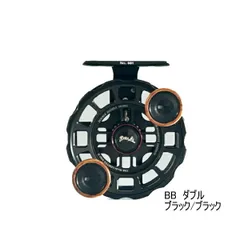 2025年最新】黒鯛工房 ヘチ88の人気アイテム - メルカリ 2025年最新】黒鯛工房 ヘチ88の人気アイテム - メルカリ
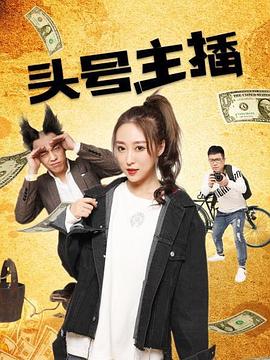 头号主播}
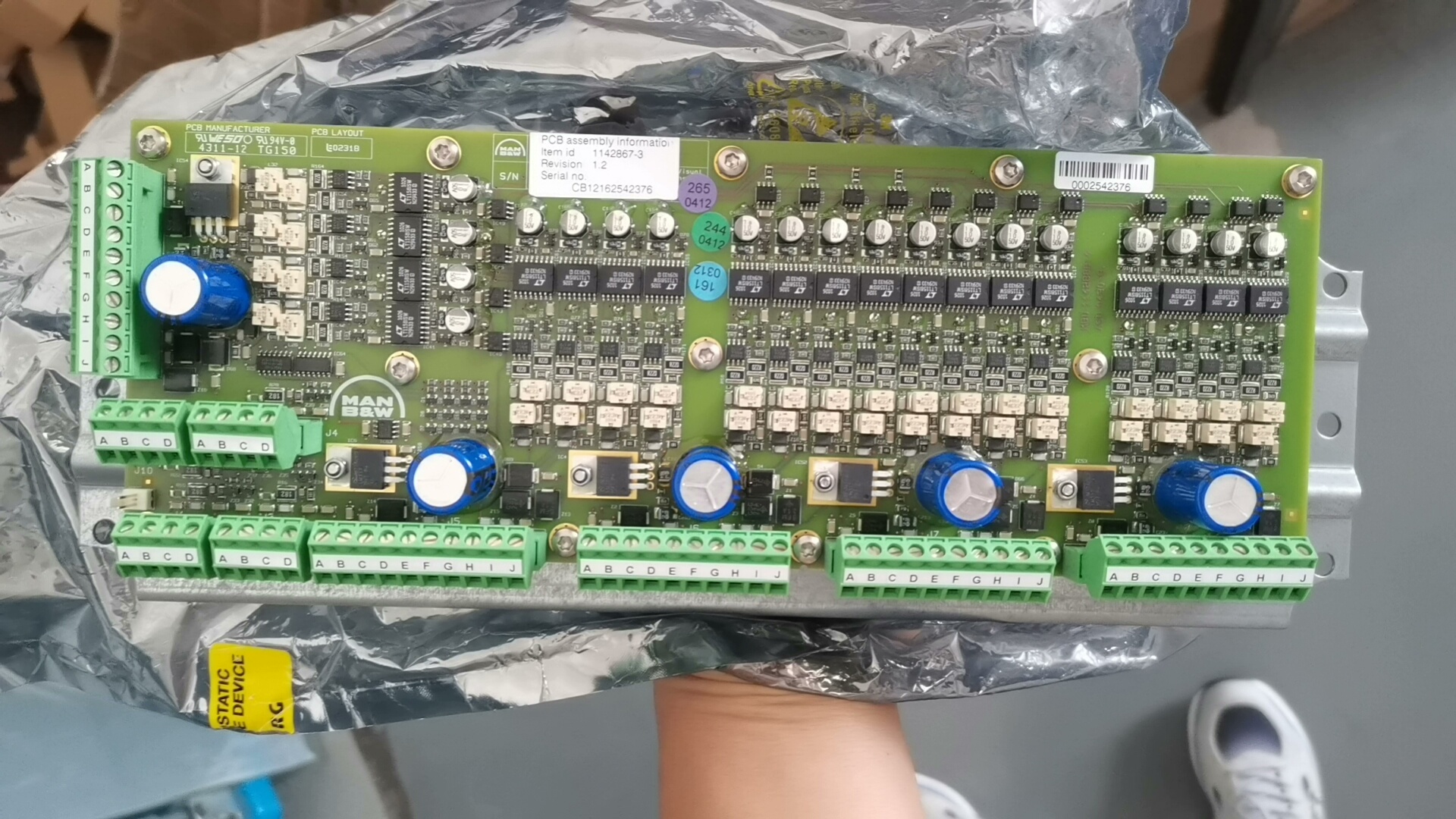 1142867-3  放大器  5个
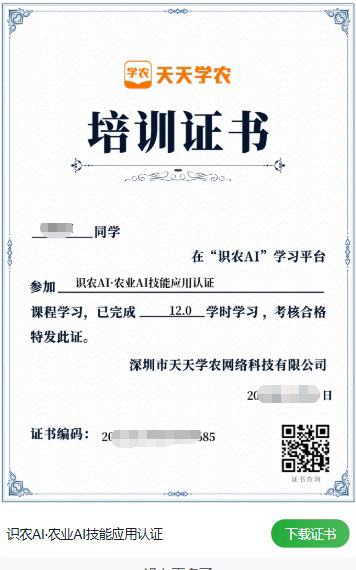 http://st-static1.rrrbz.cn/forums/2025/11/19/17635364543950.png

**********

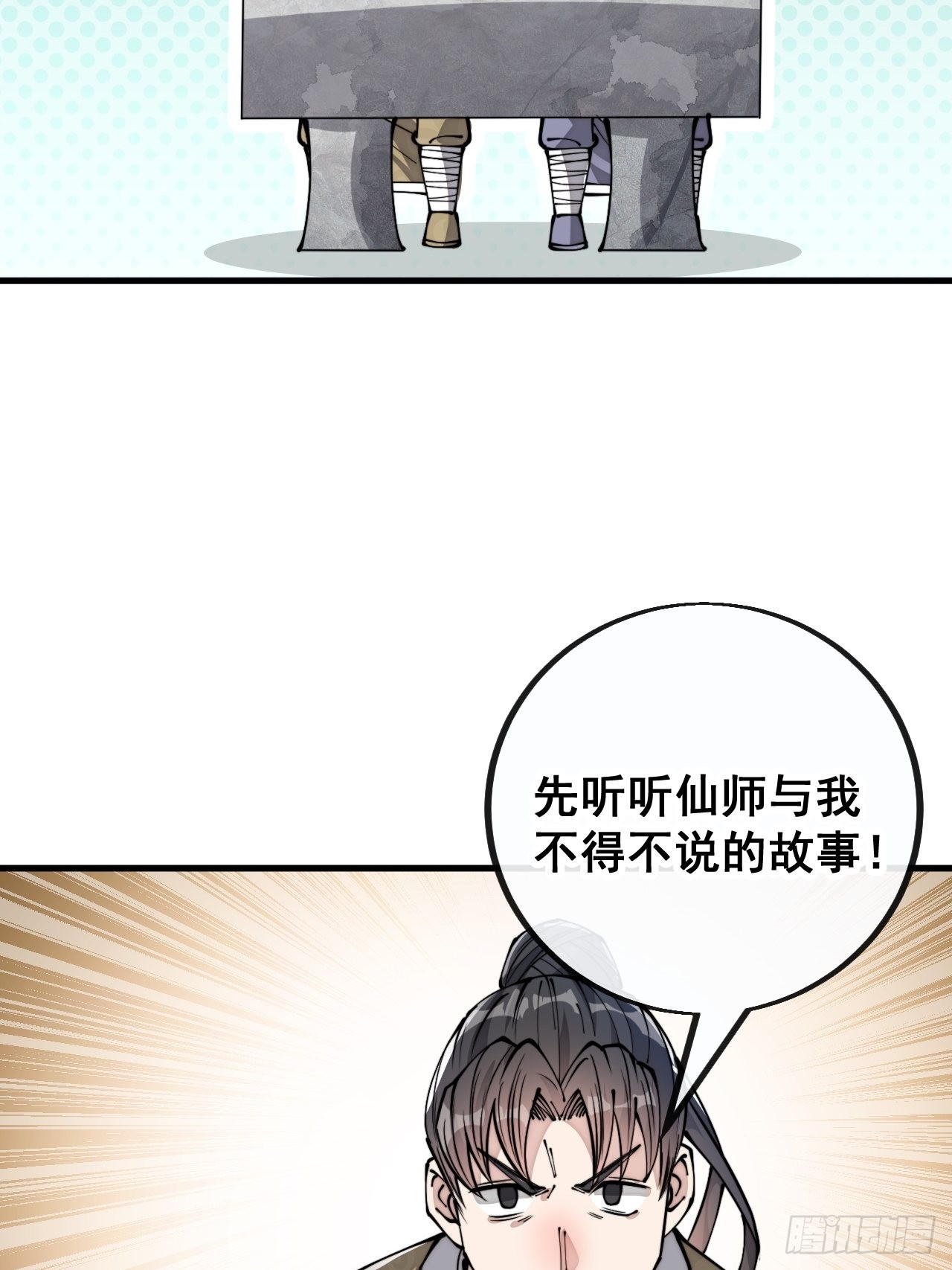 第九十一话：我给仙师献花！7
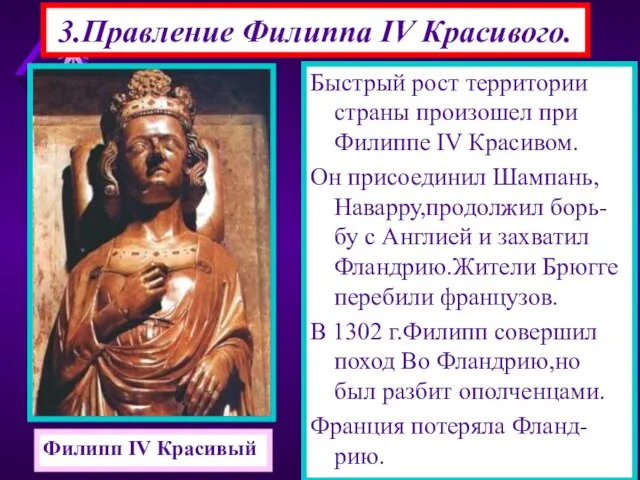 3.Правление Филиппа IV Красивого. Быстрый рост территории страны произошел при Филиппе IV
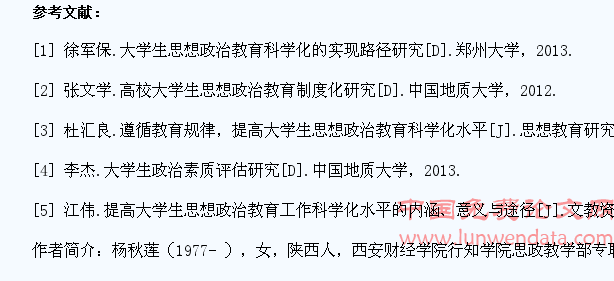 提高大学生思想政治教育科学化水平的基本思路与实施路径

**********

*TASK*.
Please output the lines above beginning at the line with "3.Правление Филиппа IV" and ending after the line with "提高大学生思想政治教育科学化水平的基本思路与实施路径", precisely as written and with no pictures.

*PROBLEM SOLUTION*.
 3.Правление Филиппа IV Красивого. Быстрый рост территории страны произошел при Филиппе IV
 提高大学生思想政治教育科学化水平的基本思路与实施路径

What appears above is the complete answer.